DATA PROVIDED:
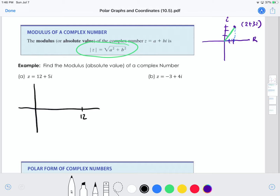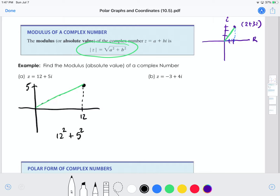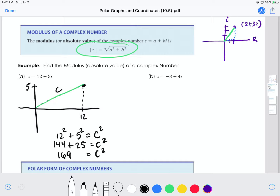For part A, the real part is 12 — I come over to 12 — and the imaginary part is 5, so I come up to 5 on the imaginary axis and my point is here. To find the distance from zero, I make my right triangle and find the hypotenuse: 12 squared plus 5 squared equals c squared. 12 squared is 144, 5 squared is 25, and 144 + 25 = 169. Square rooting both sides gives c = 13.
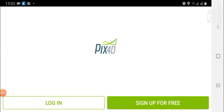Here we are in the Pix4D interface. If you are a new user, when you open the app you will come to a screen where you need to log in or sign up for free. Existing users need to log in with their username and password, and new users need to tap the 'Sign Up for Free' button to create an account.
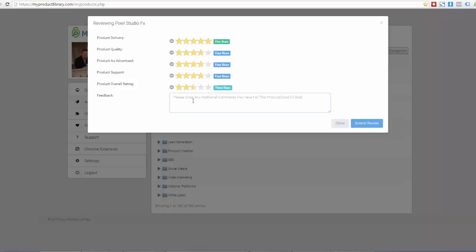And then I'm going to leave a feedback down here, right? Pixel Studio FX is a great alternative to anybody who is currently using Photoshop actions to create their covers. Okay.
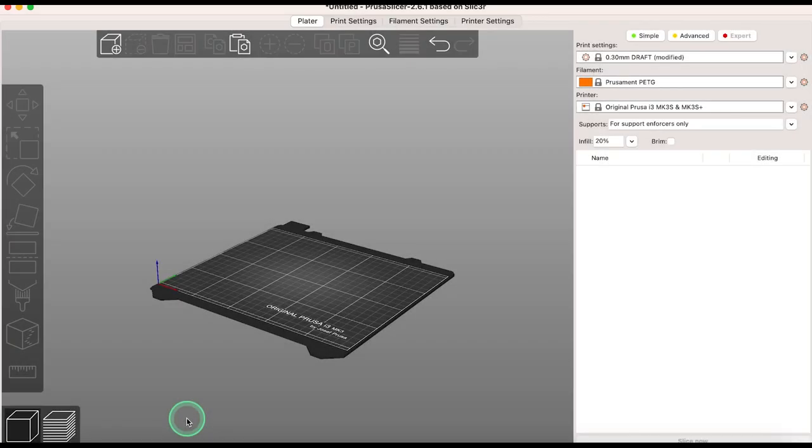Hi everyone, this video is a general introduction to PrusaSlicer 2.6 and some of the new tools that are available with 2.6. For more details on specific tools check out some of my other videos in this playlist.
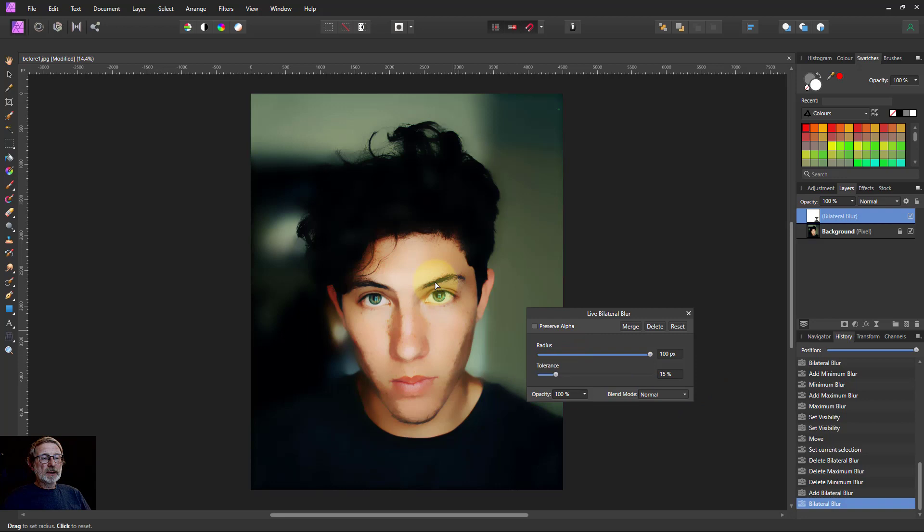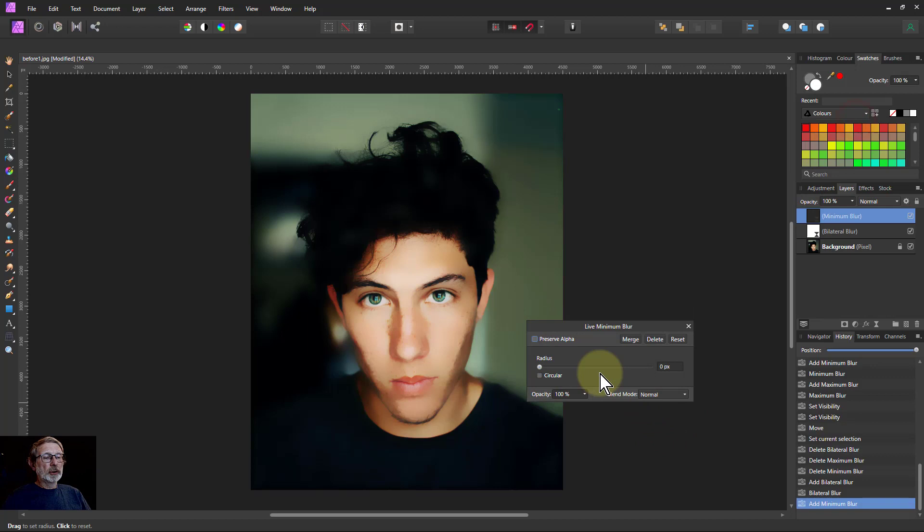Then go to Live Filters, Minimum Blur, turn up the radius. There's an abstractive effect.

INSTRUCTIONS FOR THE TASK: Only the lines from the start of the records to the line with "And then I'm" belong in the copy. Print them exactly, minus pictures.

TASK SOLUTION:
For part A, the real part is 12 — I come over to 12 — and the imaginary part is 5, so I come up to 5 on the imaginary axis and my point is here. To find the distance from zero, I make my right triangle and find the hypotenuse: 12 squared plus 5 squared equals c squared. 12 squared is 144, 5 squared is 25, and 144 + 25 = 169. Square rooting both sides gives c = 13.
Here we are in the Pix4D interface. If you are a new user, when you open the app you will come to a screen where you need to log in or sign up for free. Existing users need to log in with their username and password, and new users need to tap the 'Sign Up for Free' button to create an account.
And then I'm going to leave a feedback down here, right? Pixel Studio FX is a great alternative to anybody who is currently using Photoshop actions to create their covers. Okay.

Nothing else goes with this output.